Azure Speech DragonHDLatestNeural produces electrical/static noise during speech in both raw MP3 and RIFF WAV outputs

Question

Azure Speech DragonHDLatestNeural produces electrical/static noise during speech in both raw MP3 and RIFF WAV outputs

August 0

Hi,

I’m seeing a consistent audio quality issue with Azure Speech HD voices, and I want to confirm whether this is a known DragonHDLatestNeural problem or something else in my setup.

The issue is not just “bad playback” or a mislabeled WAV file. The sound is an electrical/static noise that appears whenever the voice is speaking. Silence is mostly fine, but the static rides on top of the spoken audio.

What I tested:

Voice: en-US-Steffan:DragonHDLatestNeural
Service: Azure Speech TTS
Input: SSML/plain narration text
Output formats tested directly from Azure:
- audio-48khz-192kbitrate-mono-mp3
  - riff-48khz-16bit-mono-pcm

Important detail:

I tested both a direct raw MP3 output and a direct RIFF WAV output from Azure.
The problem is still present in the raw Azure output itself.
Because of that, this does not look like the usual “RAW PCM saved as .wav” header/container issue.

What I want to understand:

Is this a known issue with DragonHDLatestNeural voices?
Can HD voices sometimes generate static/noise artifacts on certain text or SSML patterns?
Are there recommended output formats, regions, or voice settings for avoiding this?
Is there any guidance for diagnosing whether this is voice-model output vs. service-side encoding?

0 comments

2 answers

Your answer

Answer 1

Hi @August,

Based on current documentation, there is no officially documented known issue where DragonHDLatestNeural voices (including en-US-Steffan:DragonHDLatestNeural) consistently generate electrical or static noise as an expected behavior. Azure Speech HD voices are designed to produce high‑fidelity audio, and static artifacts are not described as a normal characteristic of the model or supported output formats.

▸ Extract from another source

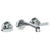 Watermark 29-2.2-TR14 Transitional Wall Mounted 3 Hole Lavatory Set With 8" CTC  Spout - Parent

That said, since you’re able to reproduce the noise directly in the raw Azure‑generated MP3 and RIFF PCM outputs, this does help rule out common client‑side causes such as WAV header/container mismatches or local playback issues. The behavior appearing only during voiced segments (with silence remaining clean) does suggest a synthesis‑stage artifact rather than a decoding problem.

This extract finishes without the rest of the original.